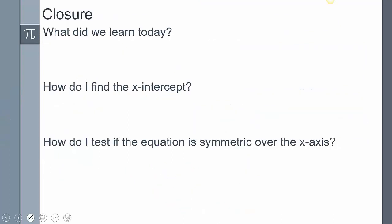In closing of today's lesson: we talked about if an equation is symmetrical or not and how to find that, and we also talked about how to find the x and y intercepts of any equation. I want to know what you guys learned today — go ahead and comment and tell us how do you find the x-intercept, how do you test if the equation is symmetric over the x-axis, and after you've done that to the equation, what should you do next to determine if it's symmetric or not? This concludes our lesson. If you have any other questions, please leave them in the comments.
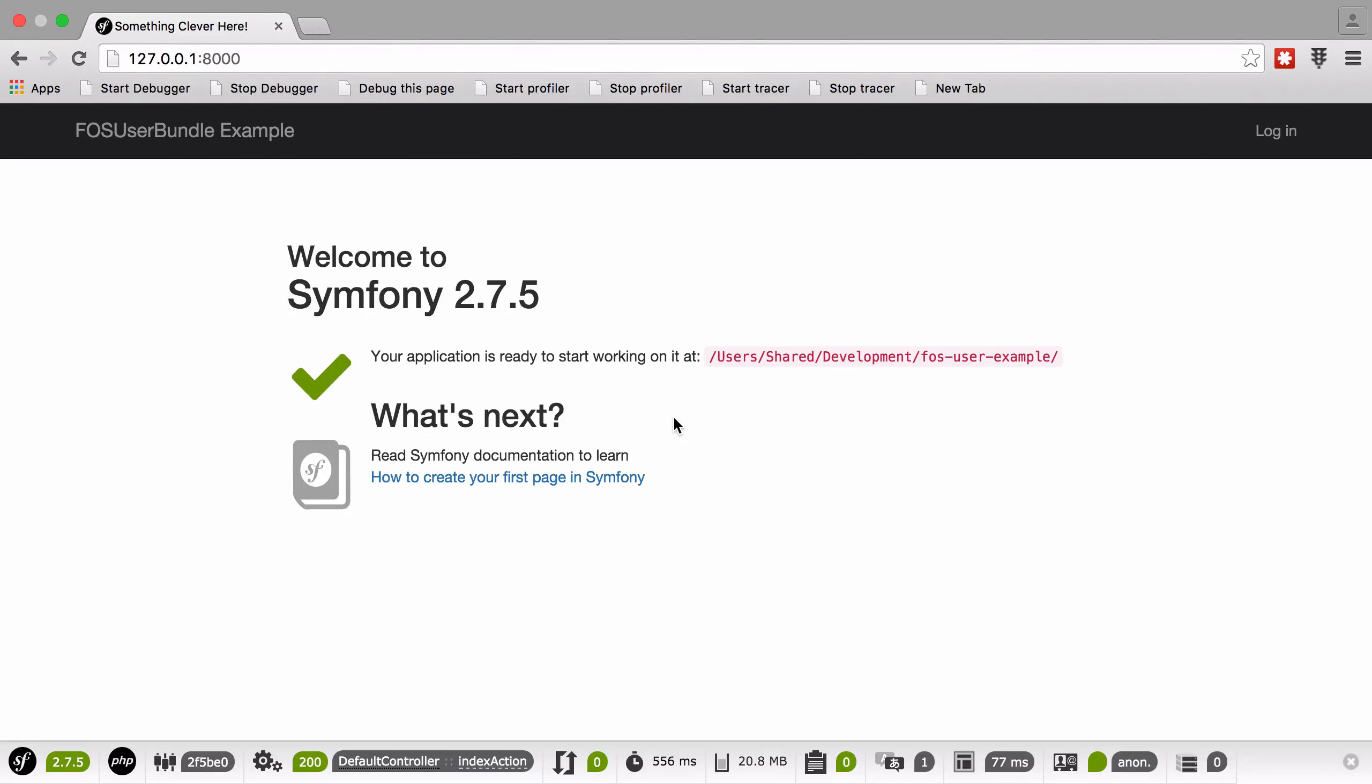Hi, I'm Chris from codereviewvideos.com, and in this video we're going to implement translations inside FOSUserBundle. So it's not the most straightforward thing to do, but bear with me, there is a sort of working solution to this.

--

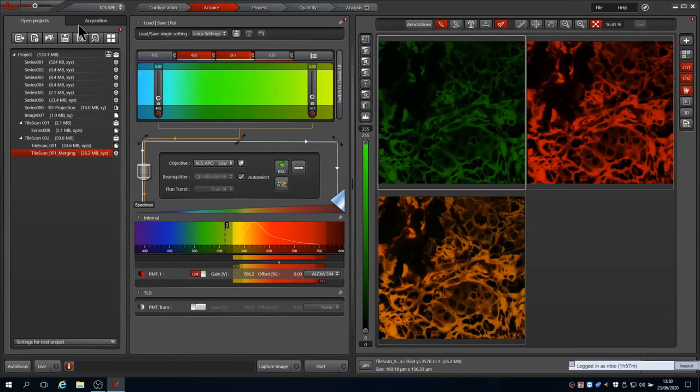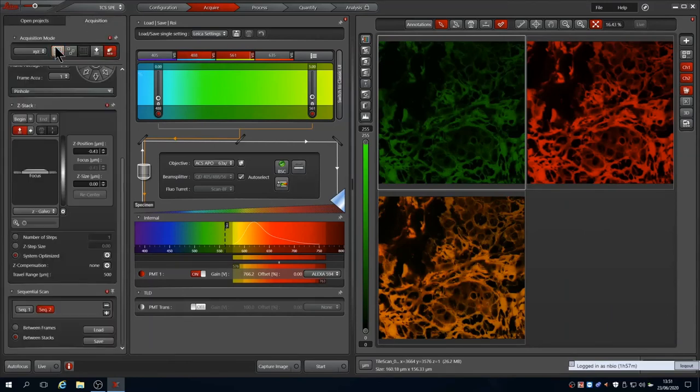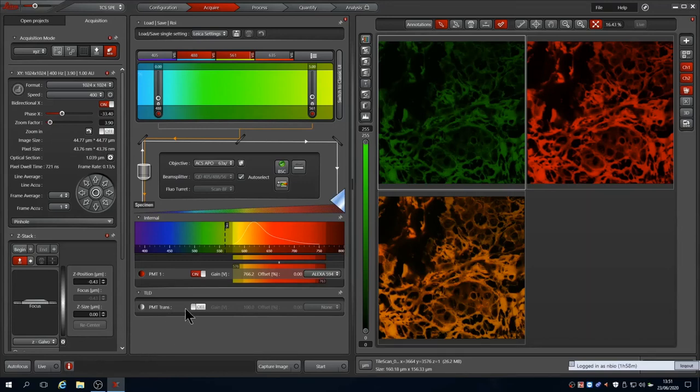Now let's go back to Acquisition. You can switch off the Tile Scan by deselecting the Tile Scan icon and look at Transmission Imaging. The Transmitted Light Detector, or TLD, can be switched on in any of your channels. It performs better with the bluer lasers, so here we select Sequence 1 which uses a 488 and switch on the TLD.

...

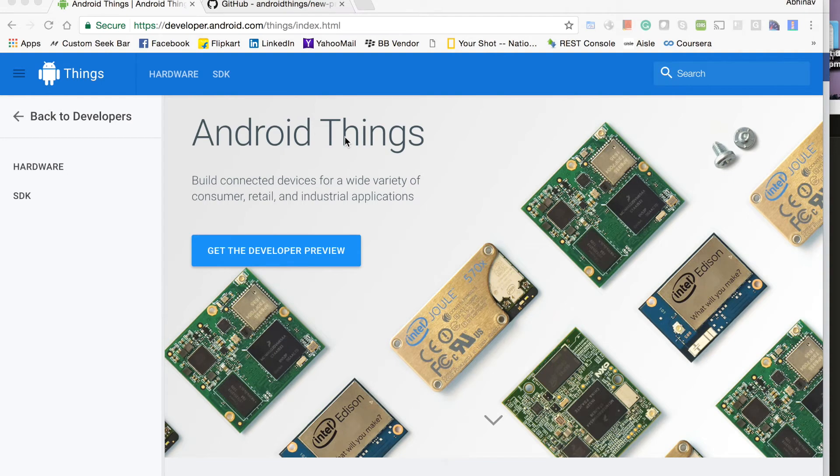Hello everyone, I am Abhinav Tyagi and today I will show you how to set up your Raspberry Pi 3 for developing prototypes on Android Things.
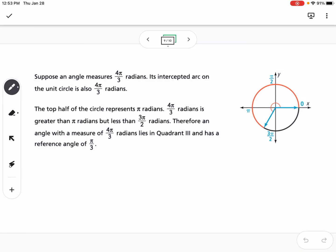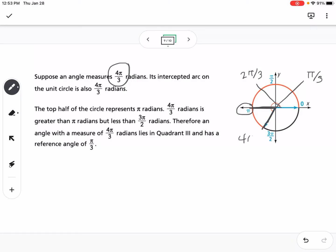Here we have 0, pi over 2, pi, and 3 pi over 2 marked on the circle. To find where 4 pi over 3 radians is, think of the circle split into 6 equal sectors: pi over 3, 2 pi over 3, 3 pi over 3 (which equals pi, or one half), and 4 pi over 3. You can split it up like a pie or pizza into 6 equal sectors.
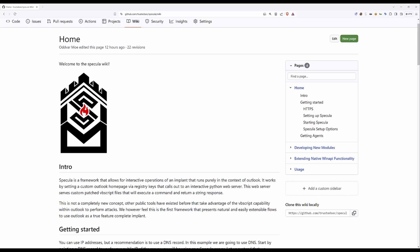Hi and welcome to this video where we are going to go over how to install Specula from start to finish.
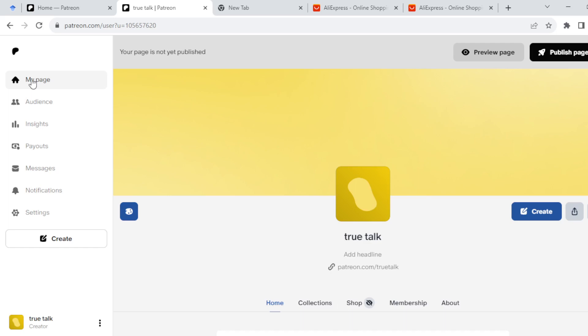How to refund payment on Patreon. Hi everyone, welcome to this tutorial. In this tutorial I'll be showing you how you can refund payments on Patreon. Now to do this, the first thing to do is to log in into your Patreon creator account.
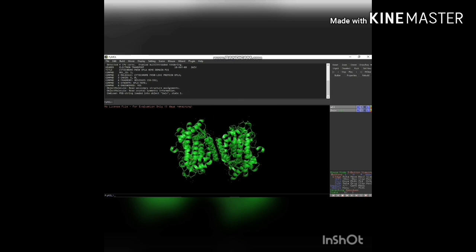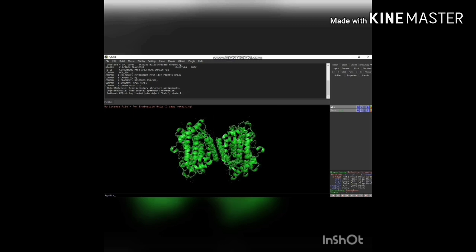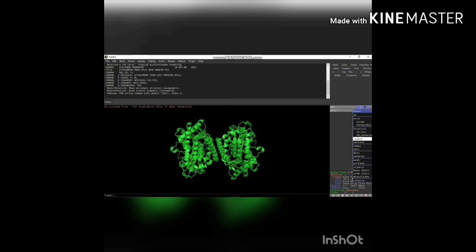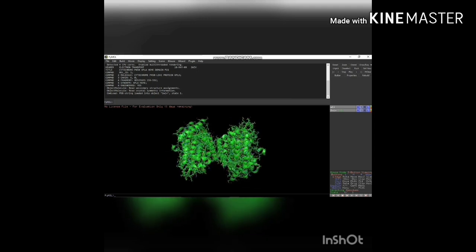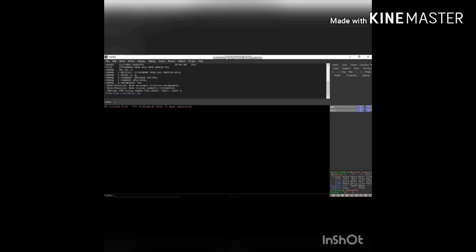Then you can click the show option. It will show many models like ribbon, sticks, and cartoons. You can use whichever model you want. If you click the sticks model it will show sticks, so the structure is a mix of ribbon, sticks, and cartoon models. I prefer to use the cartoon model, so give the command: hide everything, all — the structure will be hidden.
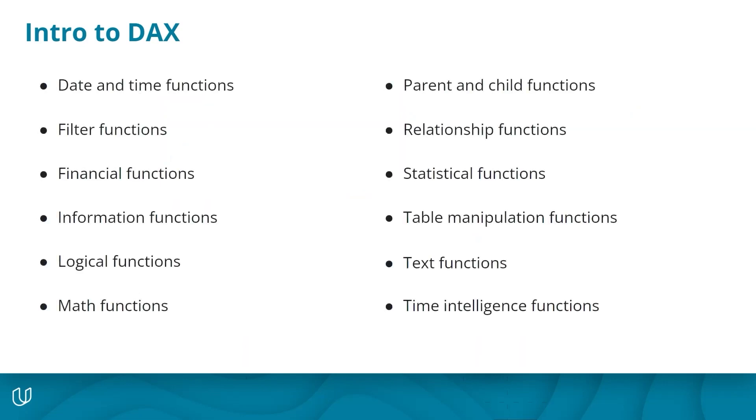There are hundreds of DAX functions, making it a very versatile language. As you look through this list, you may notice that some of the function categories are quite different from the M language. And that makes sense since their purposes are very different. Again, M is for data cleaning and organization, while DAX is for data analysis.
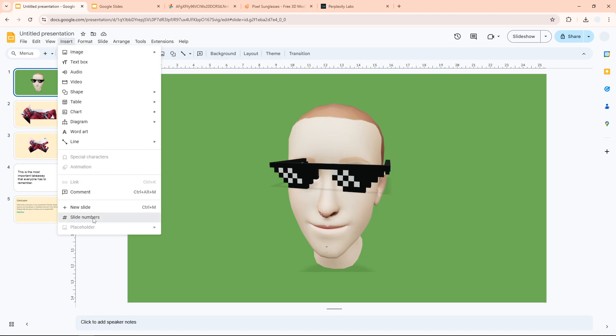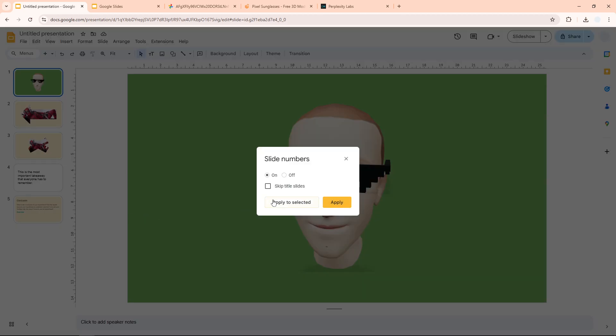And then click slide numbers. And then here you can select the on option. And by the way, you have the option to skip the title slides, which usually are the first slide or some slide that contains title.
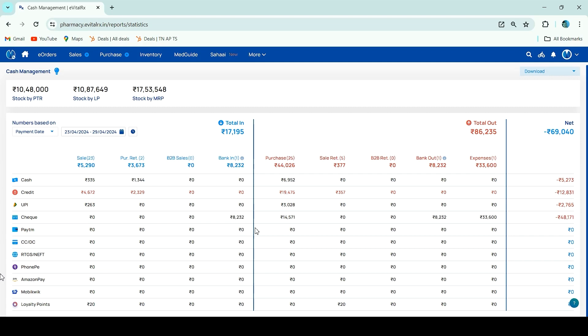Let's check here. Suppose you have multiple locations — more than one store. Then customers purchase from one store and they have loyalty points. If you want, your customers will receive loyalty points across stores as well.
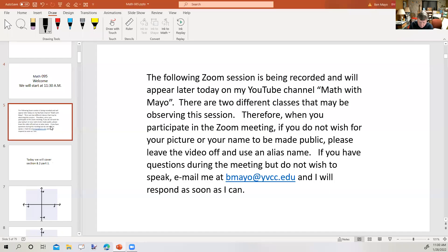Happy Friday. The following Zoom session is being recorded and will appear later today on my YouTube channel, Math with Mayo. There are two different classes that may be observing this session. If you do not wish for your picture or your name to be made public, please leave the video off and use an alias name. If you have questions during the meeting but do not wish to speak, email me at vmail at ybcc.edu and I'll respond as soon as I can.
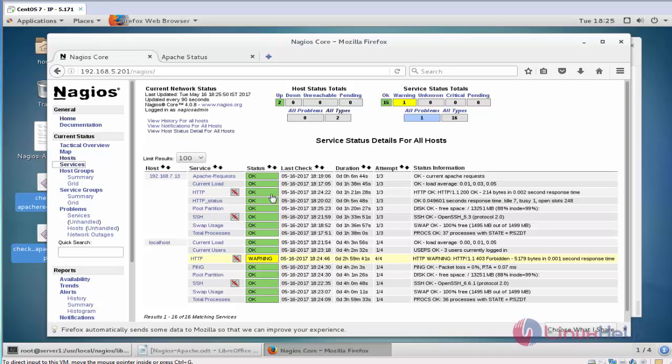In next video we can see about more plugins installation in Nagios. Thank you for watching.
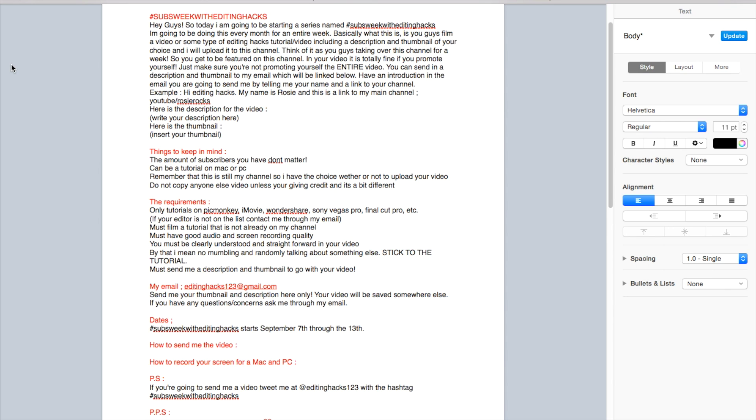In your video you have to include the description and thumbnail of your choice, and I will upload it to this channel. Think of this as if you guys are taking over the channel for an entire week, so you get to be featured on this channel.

**TASK DETAILS**.
Would you give again, exactly, the lines in the data above that run from the line containing "In next video" to the line containing "In your video"? Include both ends and no pictures.

**ANSWER SPACE**.
In next video we can see about more plugins installation in Nagios. Thank you for watching.
In your video you have to include the description and thumbnail of your choice, and I will upload it to this channel. Think of this as if you guys are taking over the channel for an entire week, so you get to be featured on this channel.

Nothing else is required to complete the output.